The Referrals Committee, Mr. Justice Raymond Groarke, (in the chair), Mr. Peter N. Reynolds and Ms. Meta Osborne convened at the Offices of the Irish Horseracing Regulatory Board on Thursday 12th May 2022 to consider whether or not Mr. Patrick Joseph Hayes (Trainer) was in breach of any rules of racing following a stable inspection on 26thFebruary 2020 and a court action under the Animal Health And Welfare Act 2013 which concluded in December 2021.

Evidence was heard from Dr. Lynn Hillyer, IHRB Chief Veterinary Officer and Head of Anti-Doping, Mr. Thomas Austin, Veterinary Surgeon, Mr. Richard Galway, Authorised Representative of trainer Mrs. Jessica Harrington, Dr. Jennifer Pugh, IHRB Senior Medical Officer and Mr. Patrick Hayes, Trainer.

In her evidence, Dr. Hillyer outlined the details of photographs and information she had received on the night of Monday 24th February 2020 of a 4-year-old grey gelding by Requinto and subsequent communication with An Garda Siochána, the charity My Lovely Horse Rescue and Ms. Lizzy Doran, Veterinary Surgeon. Dr. Hillyer confirmed that she was given a report from Ms. Doran on behalf of Mr. Hayes detailing her examination of the Requinto gelding whereby the horse was found to be in an emaciated state with a cardiac murmur and a penile prolapse. The horse was euthanised because of his poor prognosis for recovery. Dr. Hillyer stated that in relation to this horse, Mr. Hayes had fallen far short of the standards expected of a licenced trainer in regard to his care of this gelding, but as adjudged by a stable inspection and examination of all other horses in his care on 26th February 2020, this appeared to be an isolated issue. Dr. Hillyer also gave details of an unannounced stable inspections of Mr. Hayes’ training establishment on 24th January 2022 which again evidenced that no other horses in Mr Hayes’ care and control gave cause for concern in terms of their health, welfare or wellbeing. She added that during the first inspection on 26thFebruary 2020, Mr. Hayes was observed riding out without a body protector and was unable to produce the Medicines Register. Dr Hillyer noted that there were personal circumstances for Mr Hayes in play which, while not excusing what happened, went some way to explaining it.

In his evidence, Mr. Austin confirmed that he has been Mr. Hayes’ veterinary surgeon for three years and has never had any cause for concern in relation to the welfare or wellbeing of any horses in his  care during that time. He stated that he had spoken to Ms. Doran about the Requinto gelding and his interpretation of the situation was that the horse had lost condition rapidly because of the heart murmur condition and that the emaciation was as a result of an underperforming heart rather than a lack of feed. He added that with his knowledge of Mr. Hayes, who he would have cause to visit once or twice a week, he would have no issue having a horse in training there.

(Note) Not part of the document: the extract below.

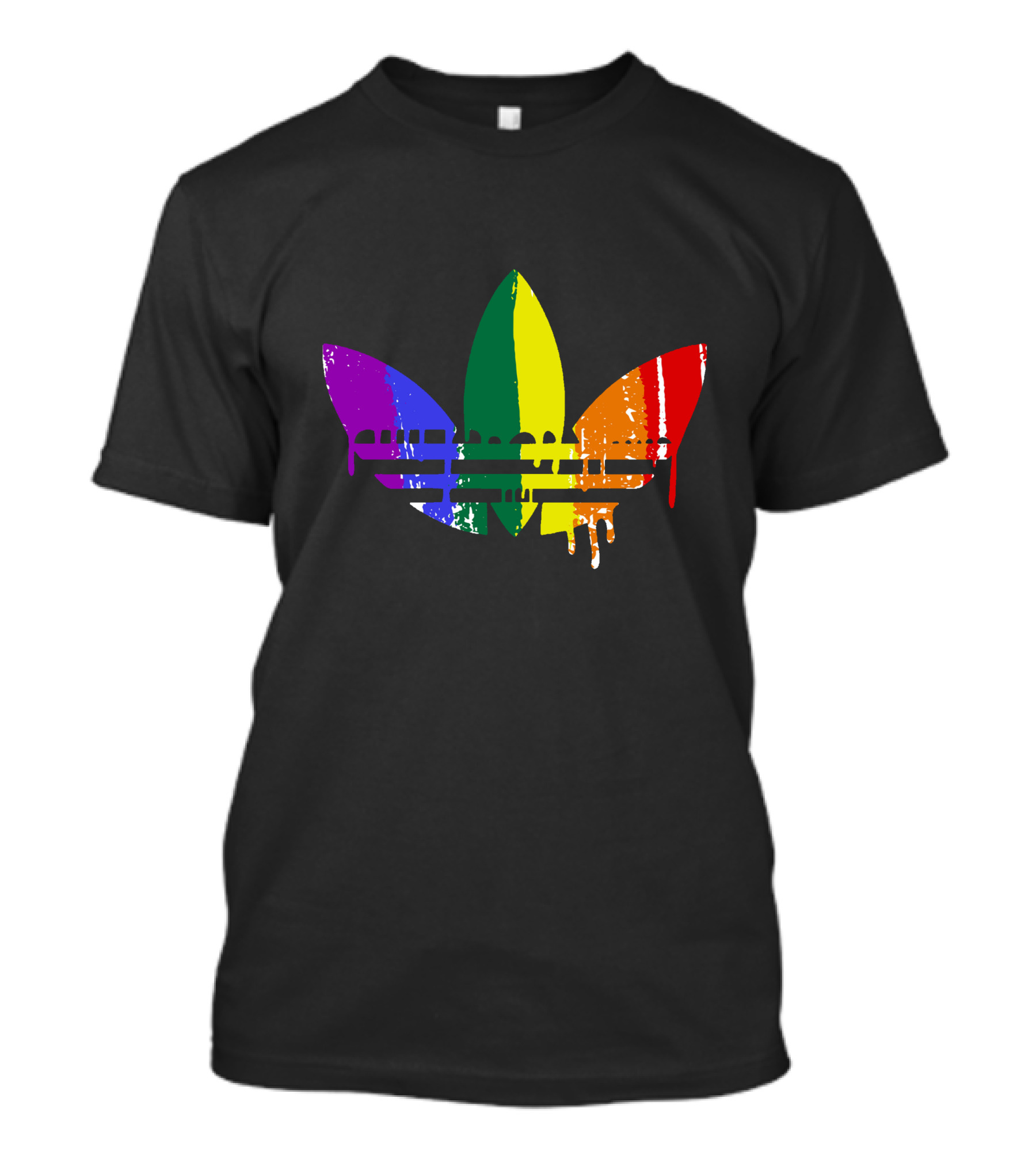 Rainbow Trefoil Dripping Paint New Fashion T-Shirt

In his evidence, Mr. Galway confirmed that he was appearing on behalf of Mrs. Harrington. He stated that Mr. Hayes has had a long working relationship with Mrs. Harrington. Mr. Galway said he became more familiar with Mr. Hayes from 2018 when Mrs. Harrington introduced a policy to reward some of her staff by sending them horses to pre-train and Mr. Hayes has continued to pre-train for Mrs. Harrington ever since. Mr. Galway added that the horses have always arrived to Mrs. Harrington in great condition both physically and in terms of their mentality following Mr. Hayes’ pre-training. Mr. Galway confirmed that Mr. Hayes had immediately informed Mrs. Harrington about the incident involving the Requinto gelding.

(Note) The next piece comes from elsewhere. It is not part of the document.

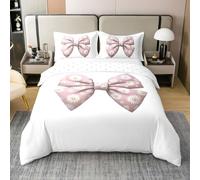 Manfei Pink Bow Duvet Cover King 100% Cotton Daisy Flowers Rustic Style Bedding Set Boys Girls Cute Daisy Floral Soft Comforter Cover White Pink Kids Bedroom,No Comforter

In her evidence, Dr. Pugh gave details of her dealings with Mr. Hayes from 2020, the details of which are medically sensitive.  

In his evidence, Mr. Hayes explained that he held a Trainers’ licence from 2005 to 2012 and he renewed his licence again in 2019. He stated that he currently has two part-time staff to look after yard duties and he has a number of people who come in to ride out on a daily basis. He stated that he moved to a new premises in March 2020. In relation to the Requinto gelding, Mr. Hayes recalled that he had been to see the horse and his companion in the field on Friday 21st February 2020. He said that both horses had trotted over to him and that the gelding had looked bright in his eye and gave a buck and a kick and appeared in good form. He stated that he got a phone call on the evening of Monday 24th February 2020 with a complaint about the horses in the field he was renting and he immediately returned to the field and on arrival he saw the Requinto gelding unrugged and he immediately called for veterinary assistance and Ms. Doran arrived soon afterwards. Mr. Hayes admitted that he initially thought the gelding had got a kick from his companion horse. Ms. Doran explained to him that the horse was suffering from a heart murmur and it was in the best interest of the horse to be euthanised. Mr. Hayes said he was left upset by the circumstances and regretted not taking the rug off the horse and inspecting the horse further when he visited the field on the previous Friday. Mr. Hayes said this incident was not in his character and he prides himself on having his horses looking well and explained that his horses would regularly win ‘Best Turned Out’ prizes at the races. Mr. Hayes also provided the panel details of some personal trauma and issues he has suffered from in recent years.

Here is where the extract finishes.